----- SUPPLIED MATERIAL -----
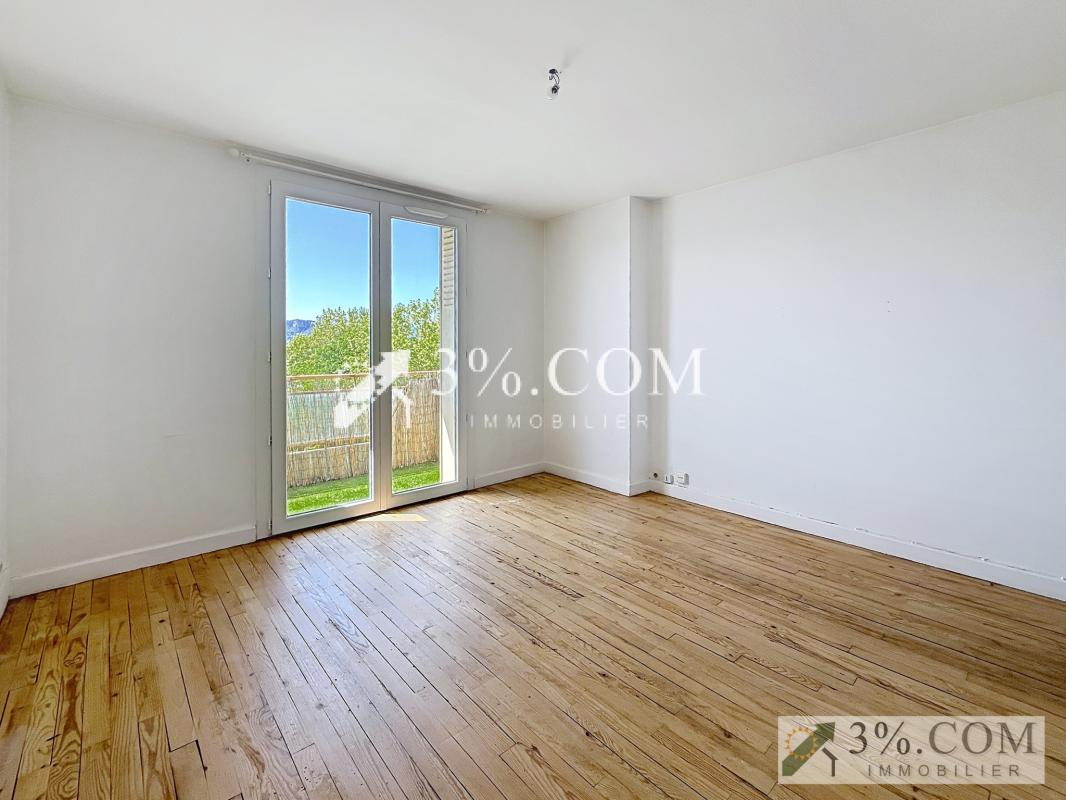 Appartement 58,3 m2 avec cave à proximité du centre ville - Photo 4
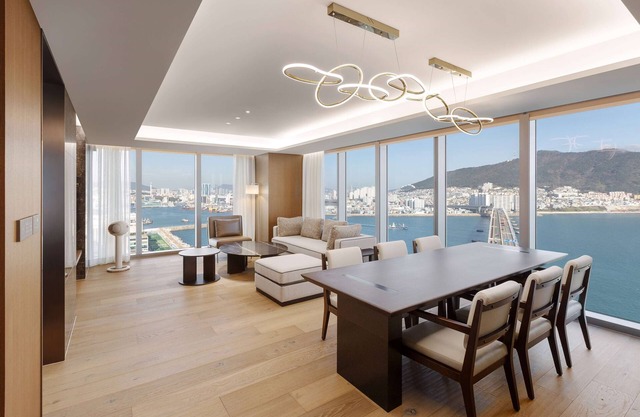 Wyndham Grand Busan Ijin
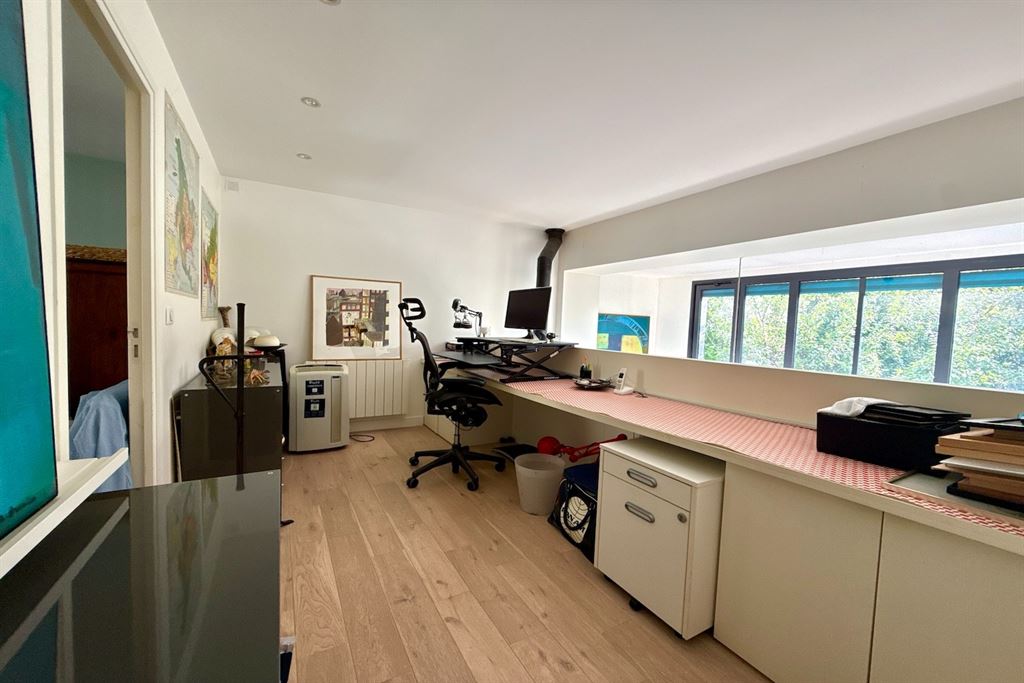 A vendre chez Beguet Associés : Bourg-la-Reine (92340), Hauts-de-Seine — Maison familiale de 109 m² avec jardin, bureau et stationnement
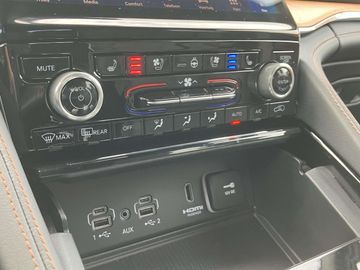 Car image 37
-----
§ PROBLEM REQUIREMENTS:
Pictures are to be omitted from the copy, and only the lines from the one containing "A vendre chez" through the final line of the listing above are to be written out exactly.

§ SOLUTION FOR THIS PROBLEM:
 A vendre chez Beguet Associés : Bourg-la-Reine (92340), Hauts-de-Seine — Maison familiale de 109 m² avec jardin, bureau et stationnement
 Car image 37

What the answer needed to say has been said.